DH who is drawing his HSA down now, has around 30% US Bond Index, 30% short-term index, 10% total market index, and the remainder in core account for cash plus to cover current year’s expenses.

He dropped to a very low equity exposure in the fund once he started drawing, because he expects to deplete the HSA within 5 years.
 
@audreyh1: thanks for catching my error in bond fund names. Yes, I intend to stick with index funds, for sure.


@cathy63: interesting find. The Health Savings Index Fund has an ER of 0.19, which isn't bad but isn't great. None the less it might be just fine for a "set it and forget it" small HSA. Not much history -- the fund was started 9 months ago.
 
I have about 33K in my HSA at FIDO. I invest it in Fidelity OTC portfolio and MINT.

I am really curious why people have a planned depletion in a short term for their HSA account. It is like a ROTH except you need to back up withdrawals with receipts for health expense. I keep a box of receipts, but never do a withdrawal. It earns tax free, and I can pull it anytime to cover past expenses. Or did they somehow change the rules on old Happyras and are going to disallow past expenses? Otherwise it seems silly to pull the funds unless you need tax free cash....:popcorn:
 
I have about 33K in my HSA at FIDO. I invest it in Fidelity OTC portfolio and MINT.

I am really curious why people have a planned depletion in a short term for their HSA account. It is like a ROTH except you need to back up withdrawals with receipts for health expense. I keep a box of receipts, but never do a withdrawal. It earns tax free, and I can pull it anytime to cover past expenses. Or did they somehow change the rules on old Happyras and are going to disallow past expenses? Otherwise it seems silly to pull the funds unless you need tax free cash....:popcorn:


I certainly understand that perspective. In my case, I am striving toward simplicity which includes reducing the number of firms at which I have accounts, the number of accounts I have, and the number/variety of holdings in those accounts.

This is a relatively small sum, so there's not a lot of skin in the game. I value simplicity more than the tax-free growth as I ease into my dotage.
 
My and DW's HSAs are in 100% FZROX because we don't intend to use it in the near term. Since you're planning to spend it soon, an AA like audreyh1 suggested is good. Also +1 to FXNAX for the U.S. bond fund component.
 
Thanks, everyone -- I think I'm set with a plan now. I'll place the orders and strike one more thing off the personal finance "to-do" list!
 
I have about 33K in my HSA at FIDO. I invest it in Fidelity OTC portfolio and MINT.

I am really curious why people have a planned depletion in a short term for their HSA account. It is like a ROTH except you need to back up withdrawals with receipts for health expense. I keep a box of receipts, but never do a withdrawal. It earns tax free, and I can pull it anytime to cover past expenses. Or did they somehow change the rules on old Happyras and are going to disallow past expenses? Otherwise it seems silly to pull the funds unless you need tax free cash....:popcorn:
You have got to use it sometime. We have plenty of other long term investments.
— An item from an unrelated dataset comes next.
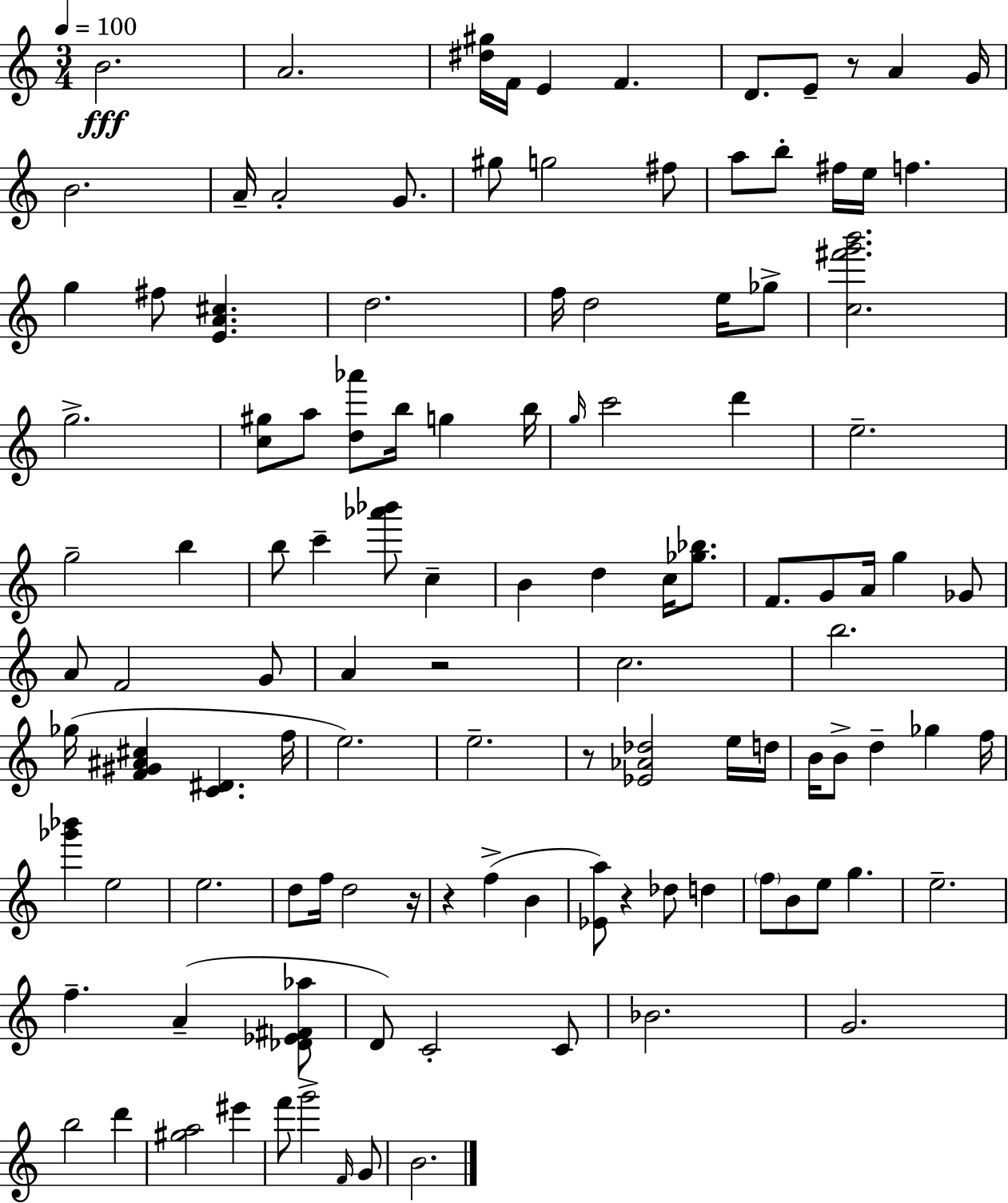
B4/h. A4/h. [D#5,G#5]/s F4/s E4/q F4/q. D4/e. E4/e R/e A4/q G4/s B4/h. A4/s A4/h G4/e. G#5/e G5/h F#5/e A5/e B5/e F#5/s E5/s F5/q. G5/q F#5/e [E4,A4,C#5]/q. D5/h. F5/s D5/h E5/s Gb5/e [C5,F#6,G6,B6]/h. G5/h. [C5,G#5]/e A5/e [D5,Ab6]/e B5/s G5/q B5/s G5/s C6/h D6/q E5/h. G5/h B5/q B5/e C6/q [Ab6,Bb6]/e C5/q B4/q D5/q C5/s [Gb5,Bb5]/e. F4/e. G4/e A4/s G5/q Gb4/e A4/e F4/h G4/e A4/q R/h C5/h. B5/h. Gb5/s [F4,G#4,A#4,C#5]/q [C4,D#4]/q. F5/s E5/h. E5/h. R/e [Eb4,Ab4,Db5]/h E5/s D5/s B4/s B4/e D5/q Gb5/q F5/s [Gb6,Bb6]/q E5/h E5/h. D5/e F5/s D5/h R/s R/q F5/q B4/q [Eb4,A5]/e R/q Db5/e D5/q F5/e B4/e E5/e G5/q. E5/h. F5/q. A4/q [Db4,Eb4,F#4,Ab5]/e D4/e C4/h C4/e Bb4/h. G4/h. B5/h D6/q [G#5,A5]/h EIS6/q F6/e G6/h F4/s G4/e B4/h.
We each aren’t starting SS until 70, so we need to cover Medicare premiums between 65 and 70. Using the HSAs for this purpose is very convenient for us and greatly simplifies the record keeping.

We’d like to be done with it and the associated record keeping and tax filing. So for each of us the plan is to drain HSAs by 70. They are actually small potatoes compared to our other in investments.